## [WORK ORDER]
Can you quote the lines below exactly, starting at the line with "this 1270×952 image." and going through the last one?

## [PROVIDED MATERIAL]
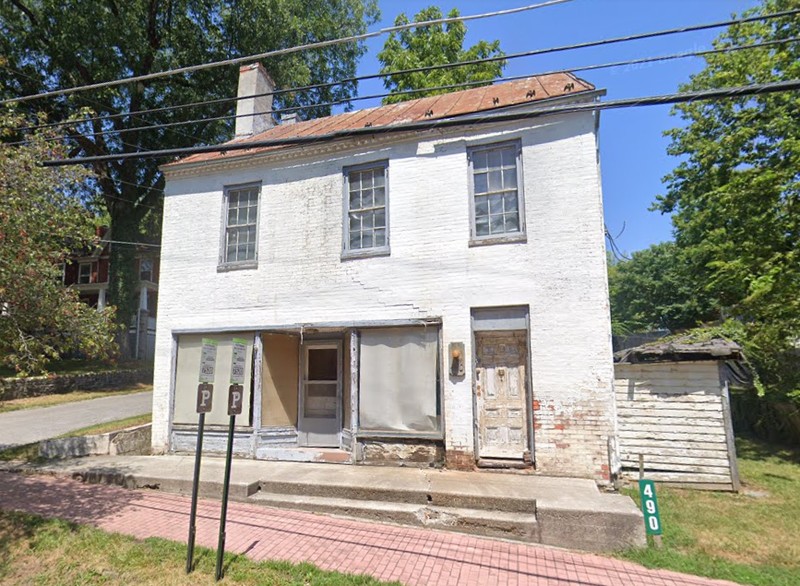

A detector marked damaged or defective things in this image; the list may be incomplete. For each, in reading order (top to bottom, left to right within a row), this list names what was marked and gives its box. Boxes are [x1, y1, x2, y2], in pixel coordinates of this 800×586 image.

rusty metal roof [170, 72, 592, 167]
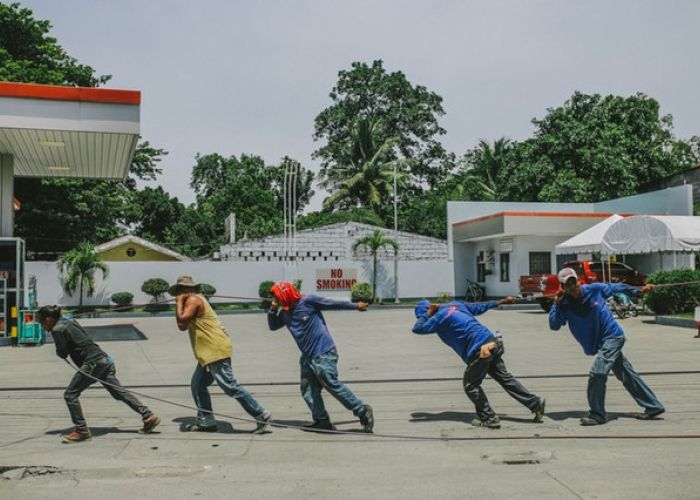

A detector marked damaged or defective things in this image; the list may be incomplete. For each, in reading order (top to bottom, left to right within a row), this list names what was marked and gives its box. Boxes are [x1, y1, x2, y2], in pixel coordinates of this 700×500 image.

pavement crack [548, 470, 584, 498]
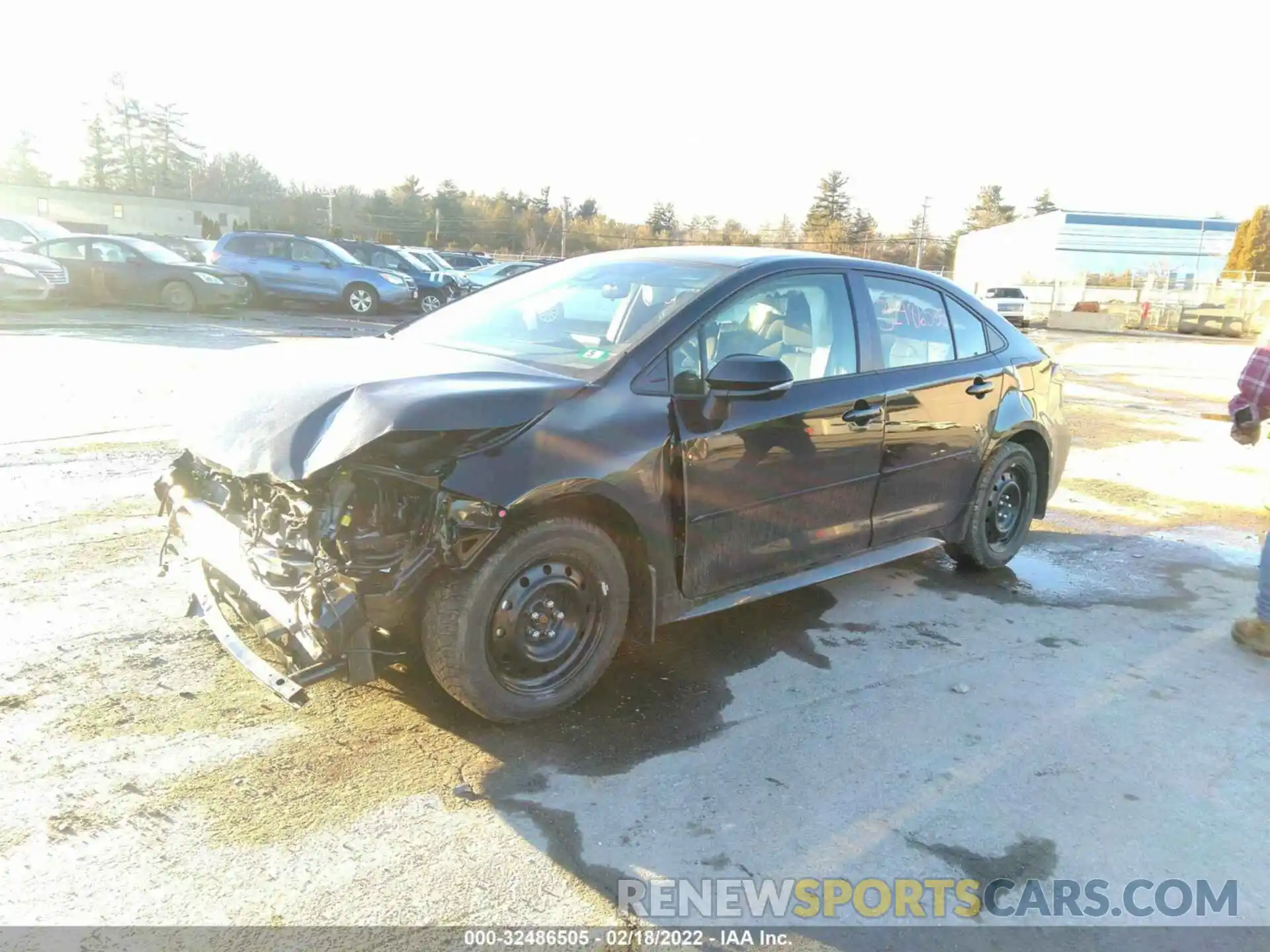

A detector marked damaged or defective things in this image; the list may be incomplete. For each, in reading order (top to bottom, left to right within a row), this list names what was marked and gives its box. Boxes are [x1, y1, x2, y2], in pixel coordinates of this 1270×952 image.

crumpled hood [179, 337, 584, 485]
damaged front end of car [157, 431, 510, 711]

## [ANSWER SPACE]
A detector marked damaged or defective things in this image; the list may be incomplete. For each, in reading order (top to bottom, left to right within a row), this list names what was marked and gives its box. Boxes are [x1, y1, x2, y2], in pixel coordinates of this 1270×952 image.

crumpled hood [179, 337, 584, 485]
damaged front end of car [157, 431, 510, 711]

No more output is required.